SUPPLIED RECORDS
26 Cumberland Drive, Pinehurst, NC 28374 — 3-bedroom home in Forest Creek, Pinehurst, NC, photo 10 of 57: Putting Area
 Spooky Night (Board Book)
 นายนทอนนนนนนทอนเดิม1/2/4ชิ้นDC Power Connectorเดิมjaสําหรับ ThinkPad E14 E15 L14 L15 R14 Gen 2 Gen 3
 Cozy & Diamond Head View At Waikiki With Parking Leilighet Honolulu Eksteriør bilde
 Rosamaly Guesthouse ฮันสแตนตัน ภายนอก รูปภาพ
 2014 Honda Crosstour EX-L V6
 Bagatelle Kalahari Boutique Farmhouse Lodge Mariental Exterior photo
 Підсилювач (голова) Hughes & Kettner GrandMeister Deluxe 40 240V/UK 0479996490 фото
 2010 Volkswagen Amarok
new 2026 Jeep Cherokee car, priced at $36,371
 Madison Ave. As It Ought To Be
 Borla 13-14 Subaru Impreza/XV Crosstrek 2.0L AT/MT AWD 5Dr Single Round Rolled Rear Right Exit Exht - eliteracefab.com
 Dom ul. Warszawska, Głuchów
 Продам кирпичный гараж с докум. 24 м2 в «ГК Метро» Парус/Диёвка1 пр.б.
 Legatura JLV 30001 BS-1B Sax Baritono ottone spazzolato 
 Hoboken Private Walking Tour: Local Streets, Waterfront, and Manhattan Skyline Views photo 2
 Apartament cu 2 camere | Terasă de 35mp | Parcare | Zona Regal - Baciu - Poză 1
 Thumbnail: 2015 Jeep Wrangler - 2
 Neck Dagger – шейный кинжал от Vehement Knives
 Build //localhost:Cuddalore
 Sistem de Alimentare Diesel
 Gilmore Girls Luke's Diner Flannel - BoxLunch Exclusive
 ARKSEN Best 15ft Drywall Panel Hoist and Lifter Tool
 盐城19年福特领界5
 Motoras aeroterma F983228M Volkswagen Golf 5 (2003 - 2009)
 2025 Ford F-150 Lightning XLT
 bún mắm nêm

WORK ITEM
What you return must match the data line for line.

RESPONSE AREA
26 Cumberland Drive, Pinehurst, NC 28374 — 3-bedroom home in Forest Creek, Pinehurst, NC, photo 10 of 57: Putting Area
 Spooky Night (Board Book)
 นายนทอนนนนนนทอนเดิม1/2/4ชิ้นDC Power Connectorเดิมjaสําหรับ ThinkPad E14 E15 L14 L15 R14 Gen 2 Gen 3
 Cozy & Diamond Head View At Waikiki With Parking Leilighet Honolulu Eksteriør bilde
 Rosamaly Guesthouse ฮันสแตนตัน ภายนอก รูปภาพ
 2014 Honda Crosstour EX-L V6
 Bagatelle Kalahari Boutique Farmhouse Lodge Mariental Exterior photo
 Підсилювач (голова) Hughes & Kettner GrandMeister Deluxe 40 240V/UK 0479996490 фото
 2010 Volkswagen Amarok
new 2026 Jeep Cherokee car, priced at $36,371
 Madison Ave. As It Ought To Be
 Borla 13-14 Subaru Impreza/XV Crosstrek 2.0L AT/MT AWD 5Dr Single Round Rolled Rear Right Exit Exht - eliteracefab.com
 Dom ul. Warszawska, Głuchów
 Продам кирпичный гараж с докум. 24 м2 в «ГК Метро» Парус/Диёвка1 пр.б.
 Legatura JLV 30001 BS-1B Sax Baritono ottone spazzolato 
 Hoboken Private Walking Tour: Local Streets, Waterfront, and Manhattan Skyline Views photo 2
 Apartament cu 2 camere | Terasă de 35mp | Parcare | Zona Regal - Baciu - Poză 1
 Thumbnail: 2015 Jeep Wrangler - 2
 Neck Dagger – шейный кинжал от Vehement Knives
 Build //localhost:Cuddalore
 Sistem de Alimentare Diesel
 Gilmore Girls Luke's Diner Flannel - BoxLunch Exclusive
 ARKSEN Best 15ft Drywall Panel Hoist and Lifter Tool
 盐城19年福特领界5
 Motoras aeroterma F983228M Volkswagen Golf 5 (2003 - 2009)
 2025 Ford F-150 Lightning XLT
 bún mắm nêm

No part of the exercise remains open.